I've yet to find anyone who processes E6, also known as slide film
, in Belize. Print film can be developed locally, so that's a good choice for fim shooters. Die hard slide shooters have to get their film back to one of the porcessors that are still doing E6.
Shooters used to use mailers from Fuji
or Kodak. This gets the film out of the hands of the TSA without causing too much grief, but you really should use air mail or even FedEx. The last Fuji mailer I used, in early 2008, was shipped to Duane's. Duane's still does E6 and even Kodachrome. Here's the link to Duane's
photo processing. If you're serious, and just about anybody who shoots E6 is serious about their imaging, you can also use the lab at National Geographic
. They also do print film. Either way, you can tell your photo-cronies "well, when I was on location in Belize, I shipped my film to Nat-Geo and they handled the processing for me".
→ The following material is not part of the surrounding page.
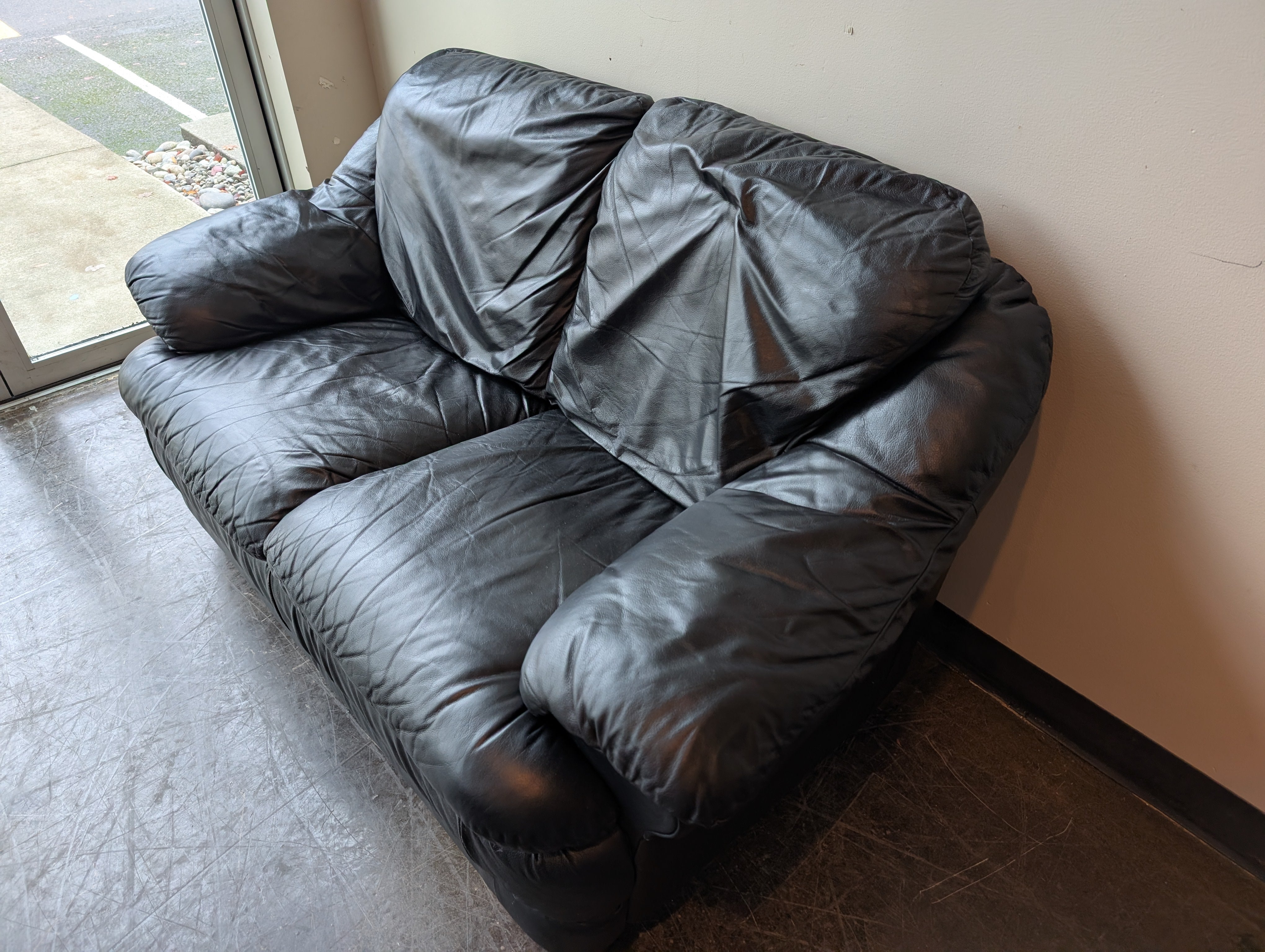 Spacious Black Leather Loveseat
My local pro lab handles E6. I shoot a lot of E6, especially in large format, so having the good folks at Tempe Camera
nearby is very handy. You can't just go to the local Wall-Mart and ask them to develop an E6 8x10, but Tempe Camera will do it for the low, low price of $4.15. They'd be more than willing to work with you on your film from Belize, too. Just call and tell them to expect a package and they'll handle it.
Hete's the TSA
page about film. If you're shooting something critical, like a wedding or other professional work, insist
on hand check. Lie to them if you have to, saying that you are shootig ISO 3200 film or X-ray film if nothing else works. Use a lead bag to force the hand search. Do what you have to do, but you'll get some fog from the scan if you send the film through. You may not notice the fog if everything goes well, but you'll kick yourself if you're shooting for publication and you lose a week's work due to a malfunctioning scanner or what have you. Don't risk it.